» DIRECTIONS FOR THIS TASK: Pictures appear among the records below and must be omitted. Repeat exactly the lines from the line with "Monogrammed notecards monogrammed" to the line with "box; tape cassettes, plated ware, glass etc", both included.

» TASK INPUTS:
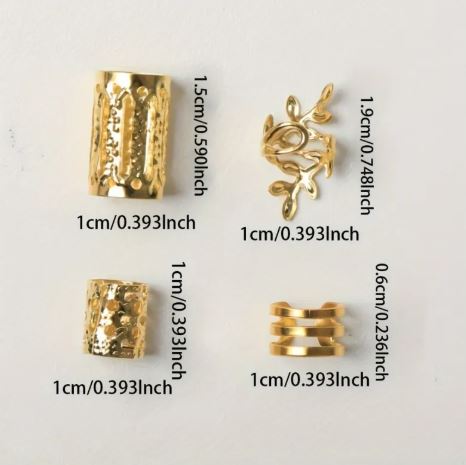 40pcs DIY Dreadlocks Wig Accessories – Electroplated Braiding Hair Jewelry Rings (Gold/White)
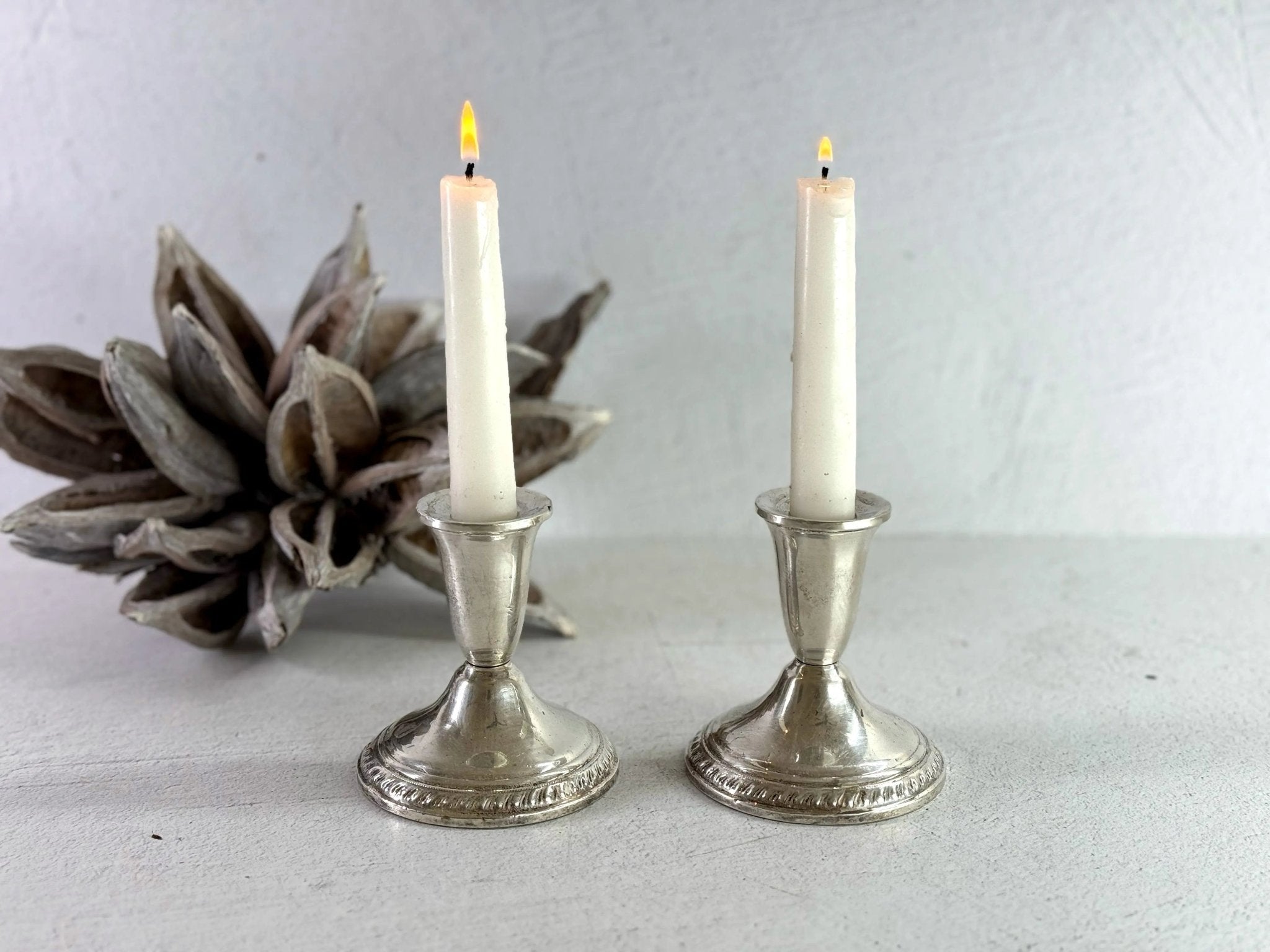Sterling Silver Candle Holders Pair | Midcentury Duchin Weighted - Debra Hall Lifestyle
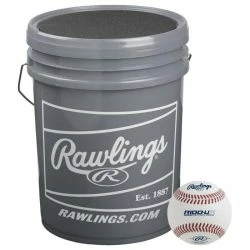 Rawlings R100UPI Practice Baseballs (2 Dozen) With Bucket: R100UP1BUCK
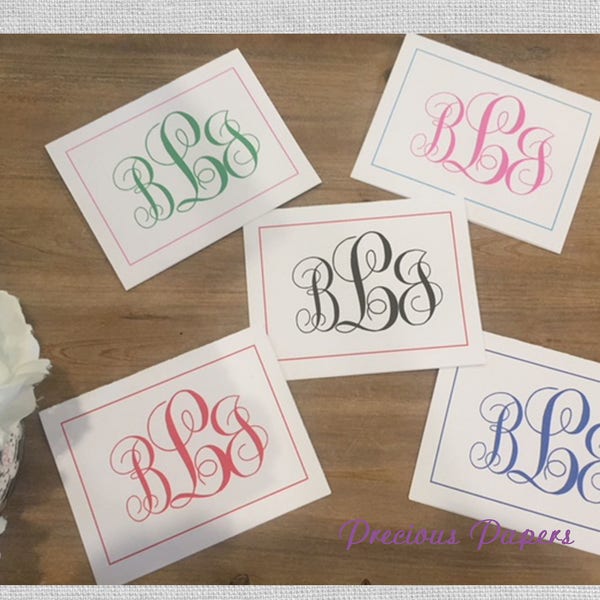 Monogrammed notecards monogrammed note cards fancy script graduation gift teacher gift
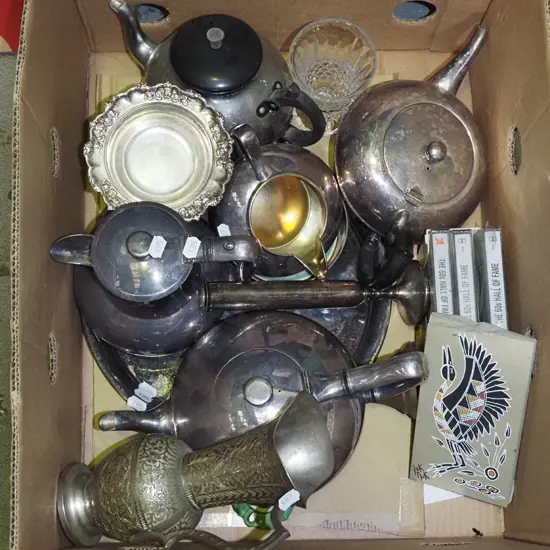 box; tape cassettes, plated ware, glass etc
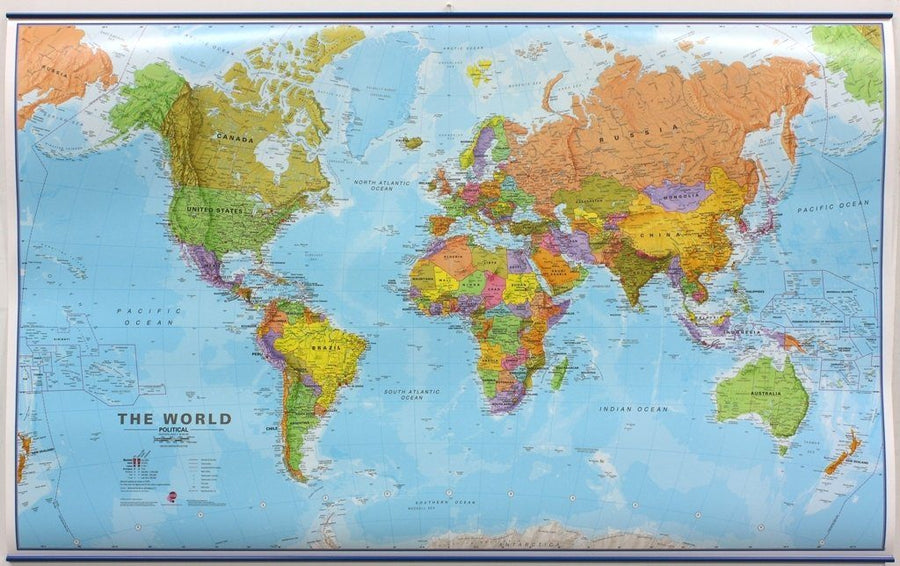 Carte murale plastifiée (en anglais) - Monde politique (sans drapeaux), avec lattes de maintien | Maps International carte murale grand tube Maps International 136 x 86 cm (1/30 M)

» ANSWER TO THIS PROBLEM:
 Monogrammed notecards monogrammed note cards fancy script graduation gift teacher gift
 box; tape cassettes, plated ware, glass etc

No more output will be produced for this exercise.